The precursor to the modern land yacht was invented in the summer of the year 1600 by the Flemish scientist Simon Stevin in Flanders as a commission for Prince Maurice of Orange. It was used by Prince Maurice for entertaining his guests. In 1898, the Dumont brothers of De Panne, Belgium, developed a land yacht whose sails were based on contemporary Egyptian sailboats used on the Nile River. Louis Bleriot, the French aviation pioneer was instrumental in developing landsailing as a sport. It was viewed as an alternative sport when strong winds would have made flying in early aircraft too dangerous. Bleriot's landsailers were first tried on the Buc airstrip (SW of Paris). Bleriot machines gave their best on Channel and North Sea wide and windy beaches at low tide (Calais, Hardelot, La Panne, Quend, Audresselles etc.). The Blériot firm coined the name "aéroplage" (plage is the French for beach) and even registered it as a trademark. The first races were held on the beaches of Belgium and France in 1909. Land yachts were also used in the late 19th century and early 20th century to transport goods on dry lakes in America.

===Modern yachts===
The modern land yacht, a three-wheeled polyester/fibreglass and metal cart, often with a wing-mast and relatively rigid (full-batten) sails, has been used since 1960.
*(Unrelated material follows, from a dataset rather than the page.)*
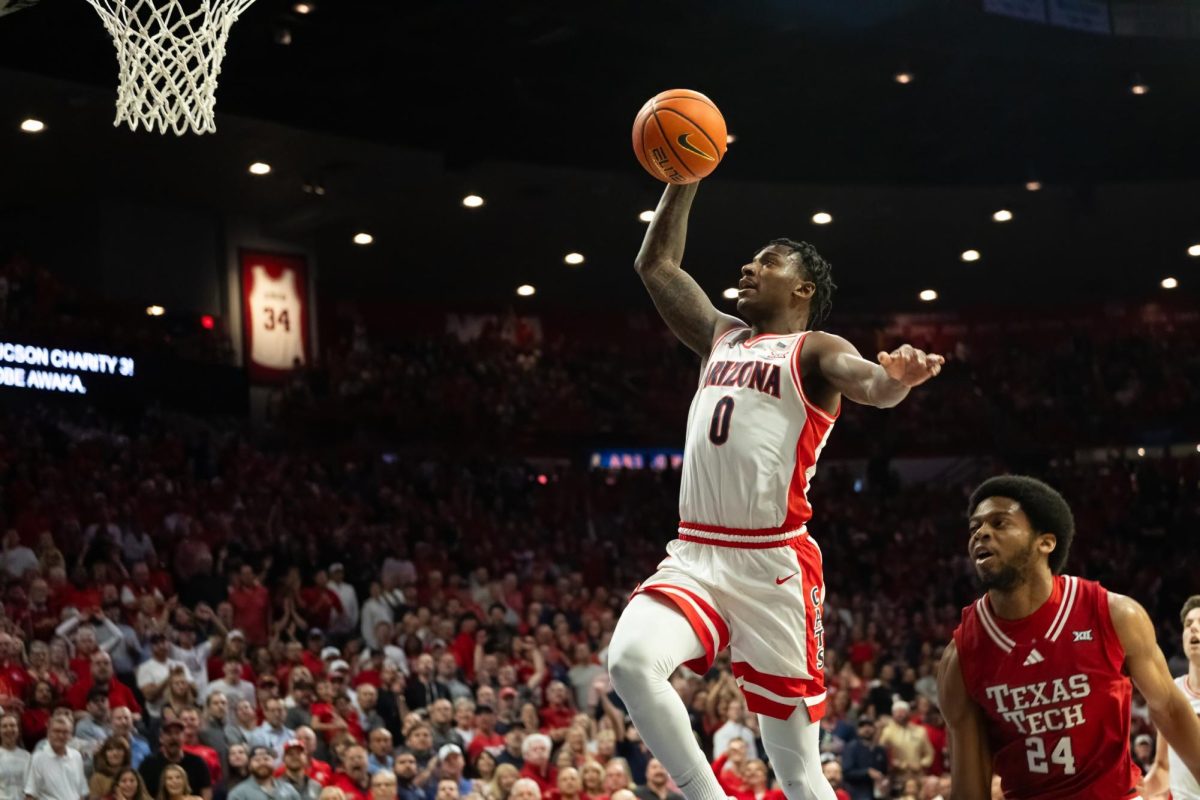 Jaden Bradley of the Arizona Wildcats jumps to make a dunk against the Texas Tech Red Raiders during their game on Feb. 8 in McKale Center. Bradley scored a total of 16 points during the game.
In 1967, a French Foreign Legion officer organized a land yacht race across the Sahara Desert. Teams from 7 countries assembled at Colomb-Béchar in Algeria and using French-designed and built machines for the most part, sailed 1700 mi through Algeria, Spanish Morocco and into the capital of Mauritania. Due to the harsh conditions, the idea of racing was abandoned, though at the time three young American boatbuilders, Larry Pardey, Richard Arthur and Warren Zeibarth (Captain, Pardey), were leading the race, with scores double those of any other team. The story made the cover of National Geographic in November 1967. A reenactment of this event took place three years later and was filmed by National Geographic.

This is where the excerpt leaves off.